The duo conveniently ignore India's self-imposed ban on further testing, a fact that The Los Angeles Times's Varren Vieth points out:
"U.S. officials said they agreed to the new aid after India pledged for the first time to accept international oversight of its civilian nuclear program and continue its moratorium on nuclear weapons testing. In the past, Washington has rebuffed requests for nuclear assistance because India has refused to sign the Nuclear Nonproliferation Treaty."
To his credit, Vieth also gives the laundry list of other programs agreed to fairly early in the story:
"Besides the civilian nuclear agreement, the two leaders approved programs to promote democracy, fight terrorism, combat AIDS, increase trade in high technology and collaborate on disaster relief, energy development, scientific research, space exploration and satellite projects."
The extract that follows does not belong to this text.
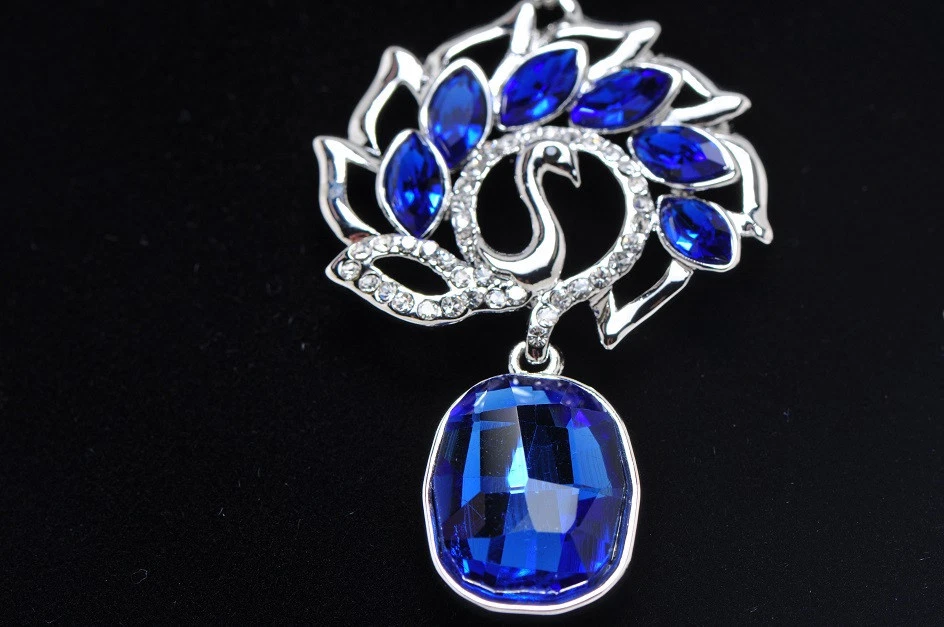 23.40 CT Ovale Taglio Stile Forma Zaffiro Blu Cz 18K Placcato Oro Bianco Pendant - Immagine 2 di 3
The New York Times' Steven R Weisman looks at the possible objections the deal could run into:
' "Why should the United States sell controlled nuclear goods to India?" asked Representative Edward J. Markey, Democrat of Massachusetts after announcement of the agreement. "We cannot play favorites, breaking the rules of the nonproliferation treaty to favor one nation at the risk of undermining critical international treaties on nuclear weapons." '
Really? No playing favorites? That sounds really fair and balanced!
It was left to old India hand Stephen Cohen, senior fellow in the Foreign Policy Studies Program at The Brookings Institution and author of India: Emerging Power, to put things in perspective in an online chat on the Post website today. Take this exchange for example:
"Washington, D.C.: Do you think that the U.S. Congress will pass the law allowing U.S. Nuclear Technology/Materials to go to India? I am wondering since Pakistan would also lobby in Congress to make sure it is not passed.
Stephen Cohen: Answered this earlier, I think it is likely to pass. Pakistan itself might benefit if it can demonstrate that it has really cleaned up its nuclear act and is behaving like a responsible nuclear weapon state. This would have to include full transparency regarding Dr. AQ Khan."
Anyone still want to play favorites?